Vous posez-vous souvent la question : « est-ce que ça vaut le coup? », pas seulement en tant que champion, parce que vous avez gagné aujourd’hui, mais aussi en tant qu’homme pour l’après carrière ? Avez-vous une limite, une ligne que vous ne voulez pas franchir ?

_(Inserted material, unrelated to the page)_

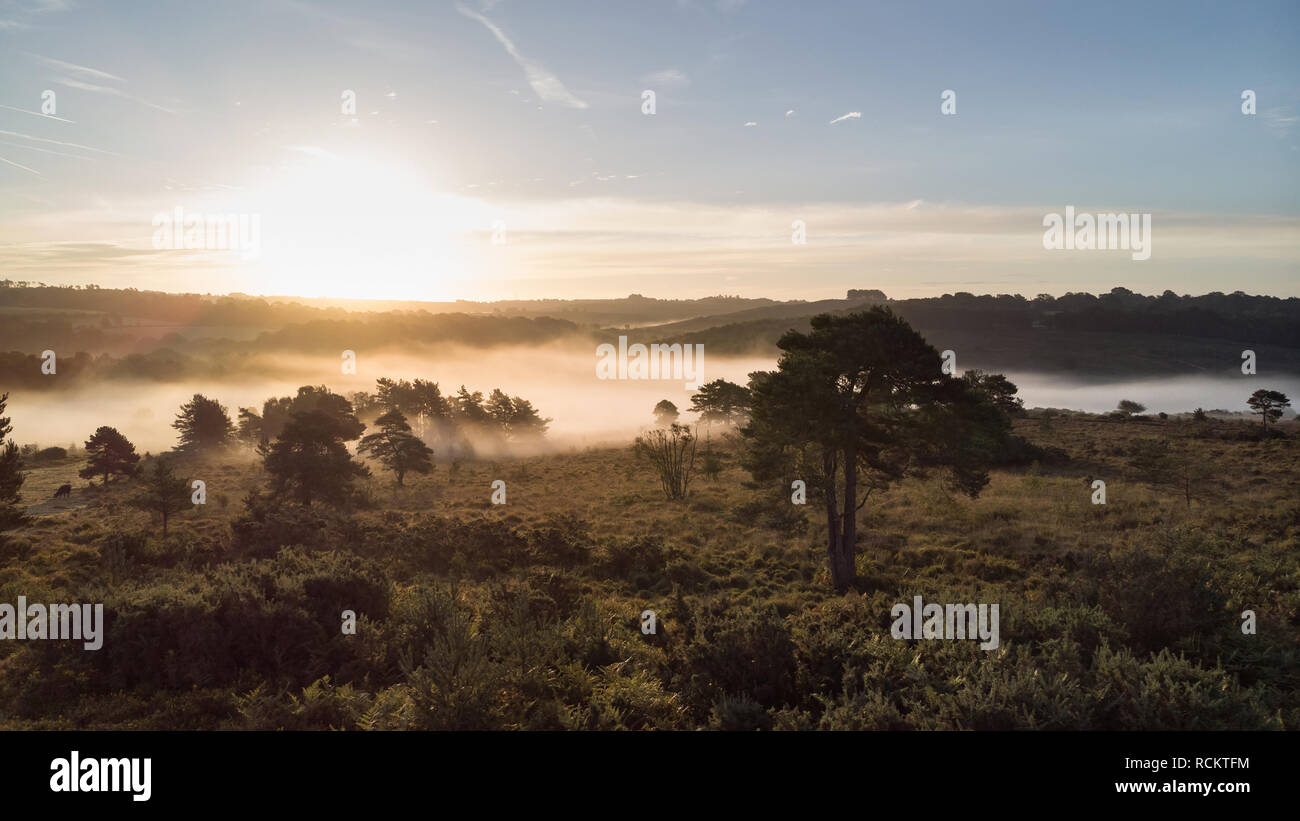 Bellissima alba immagine orizzontale di fuco vista aerea di autunno cadono scena della foresta Foto Stock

C’est très clair, ce que j’ai au pied ne va pas être pire après ce que j’ai fait, mais il y a un risque d’avoir d’autres problèmes quand vous jouez avec une partie de votre corps qui n’a aucune sensation. C’est un risque que je voulais prendre en jouant ici. Ce n’est pas un risque que je veux continuer à prendre, pour la saison sur gazon. Ça a fonctionné, j’ai remporté le titre ici. J’ai vécu une émotion incroyable, qui va rester gravée dans ma mémoire pour toujours. Donc, ça a du sens pour moi. Ce que j’ai au pied n’a pas empiré après cela. Mais ce sera ma décision par rapport à l’étape suivante de mon avenir. Ma décision claire est que la vie est toujours plus importante qu’un autre titre. Bien sûr, ma carrière tennistique a été une priorité pendant toute ma vie. Mais ça n’a jamais été une priorité par rapport à mon bonheur, dans la vie, donc les choses ont continué à aller dans ce sens. Si je continue à être heureux, à jouer au tennis avec ce que j’ai, je vais continuer si je ne suis pas en mesure de le faire je vais faire autre chose.

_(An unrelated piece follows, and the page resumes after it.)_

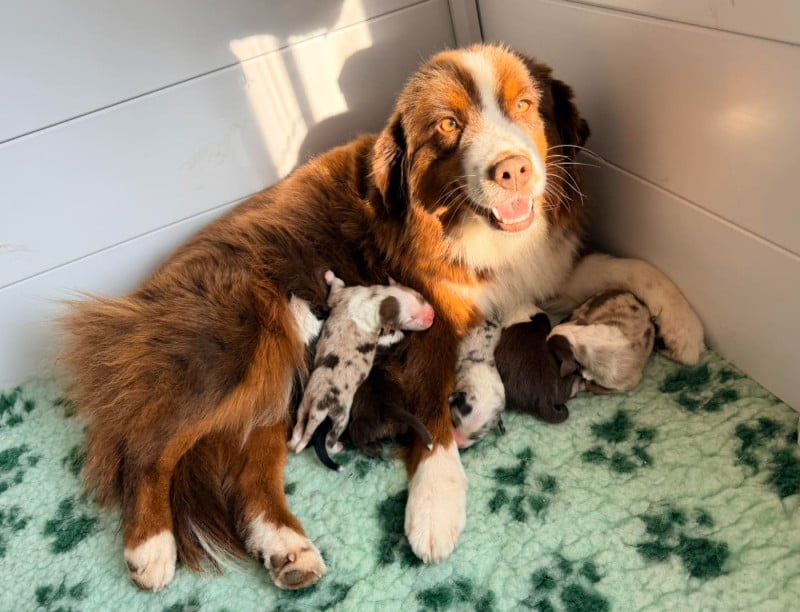 Berger Américain Miniature  - Of Winner Mistral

Par rapport à la motivation future, est-ce qu’il y a encore des obstacles dans le sport ? Vous avez gagné 22 Grands Chelems, 14 ici, par rapport à la douleur et aux incertitudes, par rapport aux blessures à l’avenir, qu’est-ce qui vous fait aller de l’avant ?

C’est très simple à comprendre. En tout cas pour moi, pour vous c’est peut-être un peu différent. L’idée n’est pas d’être le meilleur de l’histoire et de remporter toutes les victoires. C’est parce que j’aime jouer au tennis et j’aime la compétition. Comme je l’ai dit dans le passé, ce n’est pas quelque chose que je ne sens pas. Nous avons atteint nos rêves, moi-même, Roger, Novak, nous avons atteint des choses que nous ne rêvions même pas ! Ce qui me fait continuer à aller de l’avant, ce n’est pas la compétition, d’être le meilleur ou de remporter plus de Grands Chelems que les autres ; ce qui me fait aller de l’avant, c’est la passion pour le jeu, c’est de vivre des moments qui vont rester en moi pour toujours et de jouer devant les meilleures foules et dans les meilleurs stades du monde. C’est ça qui me motive. Cette passion pour ce que je fais. Bien sûr, après, si je ne me sens plus compétitif, je ne vais pas m’amuser, et c’est tout ! Il ne s’agit pas de remporter le plus de titres. Le but, c’est de me donner la possibilité de continuer à faire ce que j’aime faire.